(Data provided)

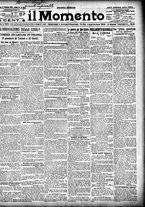 giornale/CFI0358674/1905/Febbraio/13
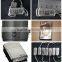 best technology fiber laser marking machine technology gift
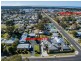 Unit 2/54 Main Road, Paynesville VIC 3880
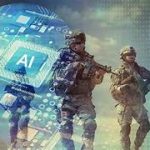 How Does Technology Influence the Dynamics of Modern Warfare?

(End Data provided)

▸ **Your instructions**:
The expected output is an exact copy of the lines from the one holding "Unit 2/54 Main Road, Paynesville VIC 3880" through the last line of the listing above, with the pictures omitted.

▸ **Written solution**:
 Unit 2/54 Main Road, Paynesville VIC 3880
 How Does Technology Influence the Dynamics of Modern Warfare?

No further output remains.